The bin into which the raw sugar is dumped holds enough sugar to keep the refinery supplied during the twenty-four hours run, but the entire quantity is “cut in” during the day. The advantages of this arrangement are that it avoids any delay in operation due to mechanical troubles with conveyors and because more efficient work is accomplished during the daylight hours. The employés prefer to work on the day shift and, wherever possible, night work is avoided.
From the bottom of the bin the sugar falls into a mixing machine, called the mingler. This is an oblong tank with a semi-cylindrical bottom, near which is a revolving horizontal shaft, with arms or paddles attached which thoroughly stir and mix the sugar with syrup that is added at this point. The reason for using syrup instead of water is that the former, being a saturated sugar solution, does not melt the sugar as water would.
The resultant mixture, called magma, looks a good deal like a soft, brown mortar. It is, in fact, raw-sugar crystals swimming in syrup. This consistency is needed to allow the magma to work freely in the centrifugals, the next operation. Most of the impurities contained in raw sugar are superficial, that is, adhering to the outside of the grain. They may be more or less readily removed by washing the surfaces of the crystals with water.
From the mingler the magma drops to the floor below into centrifugal machines running at the rate of 1100 revolutions per minute. A “charge” consists of about nine hundred pounds of magma. As the machine fills, the centrifugal force causes the magma to rise in a vertical wall around the inside circumference of the basket, at the same time throwing off the syrup that was added on the floor above, and leaving in the machine about five hundred pounds of the raw sugar as it came from the plantation. Water is then sprayed into the machine under high pressure, through a nozzle which divides it into very fine particles and throws it against the wall of sugar in the machine. The water, passing through the sugar by the centrifugal force, washes each face of each crystal and carries off the impurities, together with a certain amount of sugar. The quantity of water used per machine in each filling is from one to two and a half gallons, depending upon the quality of the sugar.

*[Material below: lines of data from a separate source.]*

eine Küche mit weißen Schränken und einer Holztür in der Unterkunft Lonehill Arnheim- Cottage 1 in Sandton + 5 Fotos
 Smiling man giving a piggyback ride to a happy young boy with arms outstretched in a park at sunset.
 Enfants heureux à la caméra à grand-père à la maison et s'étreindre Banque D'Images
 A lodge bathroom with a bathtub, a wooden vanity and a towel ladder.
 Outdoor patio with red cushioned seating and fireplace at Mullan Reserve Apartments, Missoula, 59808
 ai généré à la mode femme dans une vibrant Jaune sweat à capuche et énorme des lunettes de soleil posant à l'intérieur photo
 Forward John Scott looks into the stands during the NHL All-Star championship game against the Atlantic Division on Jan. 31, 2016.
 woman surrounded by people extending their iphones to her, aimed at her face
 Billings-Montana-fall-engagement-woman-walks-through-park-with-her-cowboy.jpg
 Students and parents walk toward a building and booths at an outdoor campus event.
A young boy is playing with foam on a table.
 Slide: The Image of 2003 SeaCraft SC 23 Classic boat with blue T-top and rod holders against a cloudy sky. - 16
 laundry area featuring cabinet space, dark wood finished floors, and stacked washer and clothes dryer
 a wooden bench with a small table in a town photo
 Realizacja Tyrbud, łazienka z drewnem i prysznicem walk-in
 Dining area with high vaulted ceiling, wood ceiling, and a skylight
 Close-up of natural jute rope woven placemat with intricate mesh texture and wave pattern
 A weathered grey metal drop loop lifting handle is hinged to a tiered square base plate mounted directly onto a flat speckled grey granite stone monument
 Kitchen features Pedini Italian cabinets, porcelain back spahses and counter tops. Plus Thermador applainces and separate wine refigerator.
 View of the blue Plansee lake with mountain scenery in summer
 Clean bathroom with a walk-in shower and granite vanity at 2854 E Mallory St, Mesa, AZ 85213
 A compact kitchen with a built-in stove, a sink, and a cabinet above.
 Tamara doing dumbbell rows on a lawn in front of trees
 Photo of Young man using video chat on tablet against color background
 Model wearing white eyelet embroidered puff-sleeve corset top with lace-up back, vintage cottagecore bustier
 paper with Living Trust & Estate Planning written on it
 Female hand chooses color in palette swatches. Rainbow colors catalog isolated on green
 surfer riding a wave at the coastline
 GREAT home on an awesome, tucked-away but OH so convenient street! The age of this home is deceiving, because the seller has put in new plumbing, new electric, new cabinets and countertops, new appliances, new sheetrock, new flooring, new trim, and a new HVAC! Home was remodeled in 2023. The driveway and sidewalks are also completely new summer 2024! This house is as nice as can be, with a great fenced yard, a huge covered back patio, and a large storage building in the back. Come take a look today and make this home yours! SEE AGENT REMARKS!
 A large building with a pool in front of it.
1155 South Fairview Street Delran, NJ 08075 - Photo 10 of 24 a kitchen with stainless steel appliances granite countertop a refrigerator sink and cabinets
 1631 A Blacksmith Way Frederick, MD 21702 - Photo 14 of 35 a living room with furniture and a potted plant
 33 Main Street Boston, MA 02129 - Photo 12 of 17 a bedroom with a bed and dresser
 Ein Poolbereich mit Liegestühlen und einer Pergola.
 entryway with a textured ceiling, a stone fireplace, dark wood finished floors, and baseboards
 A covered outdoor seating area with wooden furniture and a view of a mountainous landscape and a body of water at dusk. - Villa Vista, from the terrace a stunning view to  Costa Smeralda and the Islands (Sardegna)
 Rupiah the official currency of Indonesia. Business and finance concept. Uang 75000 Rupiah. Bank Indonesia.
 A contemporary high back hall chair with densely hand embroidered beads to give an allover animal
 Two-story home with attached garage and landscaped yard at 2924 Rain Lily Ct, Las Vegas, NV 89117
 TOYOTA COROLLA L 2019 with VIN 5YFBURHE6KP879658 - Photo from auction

This water, now a syrup, with the impurities and sugar it contains, is drawn from the machine, part of it being pumped to the floor above to mix with new raw sugar coming in. The remainder is treated, filtered, boiled and made into raw sugar, which, in turn, goes direct to the melt or through the washing process again. The result of this washing is that the purity of Hawaiian raw sugar is raised from about 97.2 to 99.2 per cent, and there now remains but 0.8 per cent of impurities to be removed.
The washed sugar is dropped from the centrifugal basket through a large opening in the bottom of the machine with the aid of a mechanical device called a discharger, which greatly reduces the manual labor.
Until very recently the sugar was discharged from the centrifugals by hand, the men digging it out with wooden paddles in a difficult, laborious way. One day, a few years ago, a clear-brained, observant American lad working in a beet-sugar factory, conceived the idea that a centrifugal could be emptied by mechanical means. He worked long and assiduously upon the problem, and after much experimenting and many trials and disappointments was granted a patent by the United States government. Full of hope and confidence, he had several machines constructed and took them to a sugar refiner, sure of being favorably received. He met with rebuff and ridicule. The refinery engineer was too busy with other matters to examine or give any attention to the appliance. The next man to whom he presented it was even more indifferent than the first; he coldly informed the patentee that he had been in the sugar business for thirty years, that no such machine would work, and that the only way to take sugar out of a centrifugal was by hand.
After months of effort and repeated failures, he induced the superintendent of a beet-sugar factory to allow him to install and test the device at his own expense. It was thrown out after a few days’ trial, and the inventor became well-nigh desperate, although still positive as to the merits of his discharger.